Sur la prétendue illégalité du règlement n° 2553/97

57.
    Dans sa requête, la requérante a invoqué cinq moyens à l'appui de son exception d'illégalité. Dans son premier moyen, elle a fait valoir que le règlement n° 2553/97 était illégal parce qu'il mettait en oeuvre la décision 97/803, qui, elle aussi, était illégale. Dans son deuxième moyen, la requérante a soutenu que, dans les relations entre la Communauté et les PTOM, l'exigence de certificats d'importation était illégale. Le troisième moyen a été tiré du caractère disproportionné des conditions imposées par le règlement n° 2553/97. Le quatrième moyen a été pris de l'illégalité de l'article 8, troisième alinéa, du règlement n° 2553/97. Dans son cinquième moyen, enfin, la requérante a soutenu que les restrictions à l'importation imposées par le règlement n° 2553/97 violaient des dispositions des accords conclus dans le cadre de l'Organisation mondiale du commerce.

58.
    À l'audience, la requérante a renoncé à invoquer les moyens susvisés, à l'exception du premier moyen.

59.
    Dès lors que, concernant le premier moyen, la requérante se réfère uniquement à l'argumentation examinée aux points 46 à 56 ci-dessus, l'exception d'illégalité soulevée à l'encontre du règlement n° 2553/97 ne peut pas non plus être accueillie.

60.
    Les deux exceptions d'illégalité ayant été déclarées non fondées, le présent recours doit être rejeté.

Sur les dépens

61.
    Aux termes de l'article 87, paragraphe 2, du règlement de procédure du Tribunal, toute partie qui succombe est condamnée aux dépens s'il est conclu en ce sens.

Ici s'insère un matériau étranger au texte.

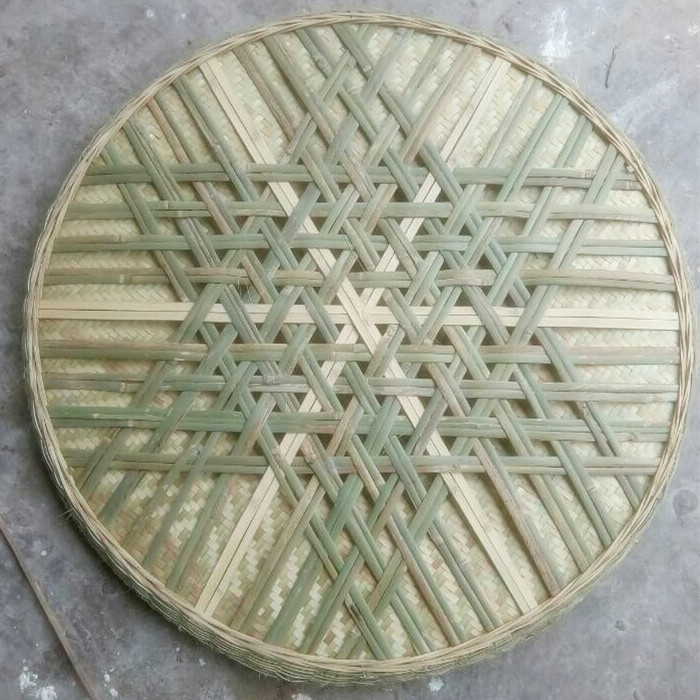 Bamboo Dustpan with Reinforced Round Bottom, Drying Dustpan, Handmade Traditional Bamboo Product, Household Decoration Dustpan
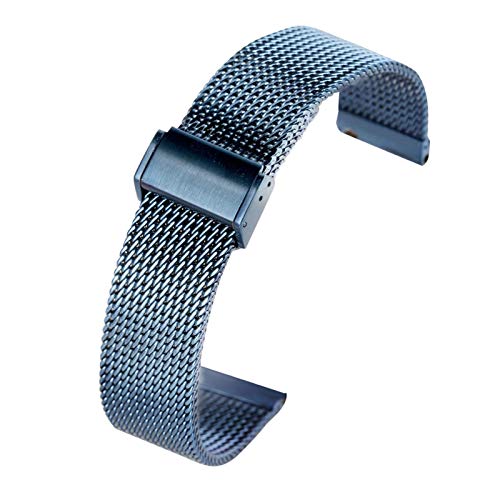 Bracelet de montre universel bleu 18mm 20mm 22mm acier inox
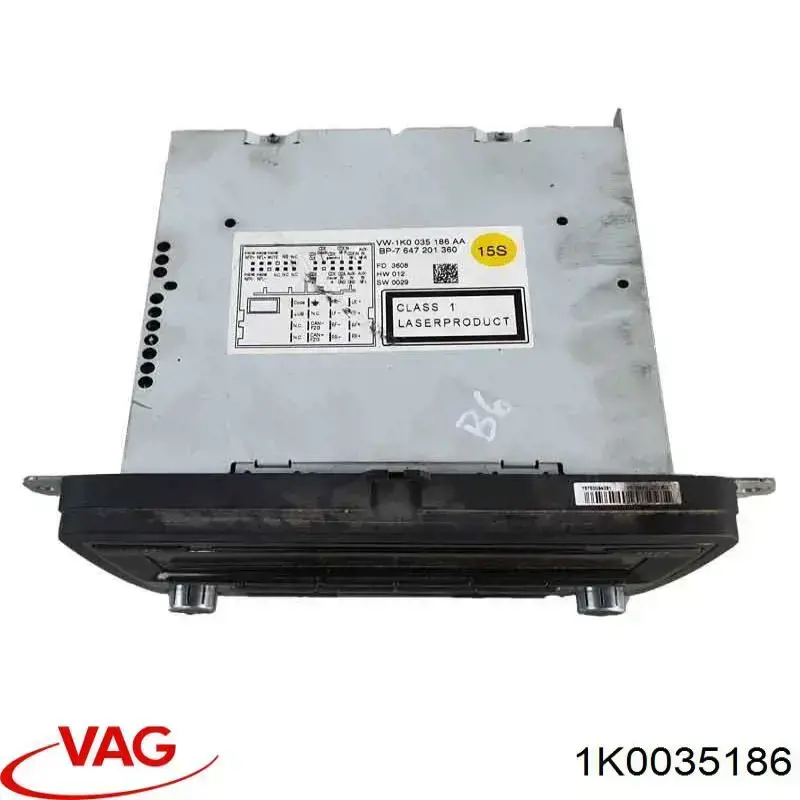 1K0035186 VAG Aparelhagem de som (rádio AM/FM), universal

La requérante ayant succombé, il y a lieu de la condamner aux dépens, y compris ceux relatifs aux procédures en référé, conformément aux conclusions de la Commission.

62.
    En vertu de l'article 87, paragraphe 4, du règlement de procédure, le Conseil, la République française, le royaume d'Espagne et le Royaume-Uni de Grande-Bretagne et d'Irlande du Nord, étant intervenus au soutien des conclusions de la Commission, supporteront leurs propres dépens.

Par ces motifs,

LE TRIBUNAL (troisième chambre)

déclare et arrête:

1)    Le recours est rejeté.

2)    La requérante supportera, outre ses propres dépens, les dépens exposés par la Commission, y compris ceux relatifs aux procédures en référé.

3)    Les parties intervenantes supporteront leurs propres dépens.    

Azizi

Lenaerts
Jaeger

Ainsi prononcé en audience publique à Luxembourg, le 6 décembre 2001.

Le greffier

Le président

H. Jung

M. Jaeger


1: Langue de procédure: le néerlandais.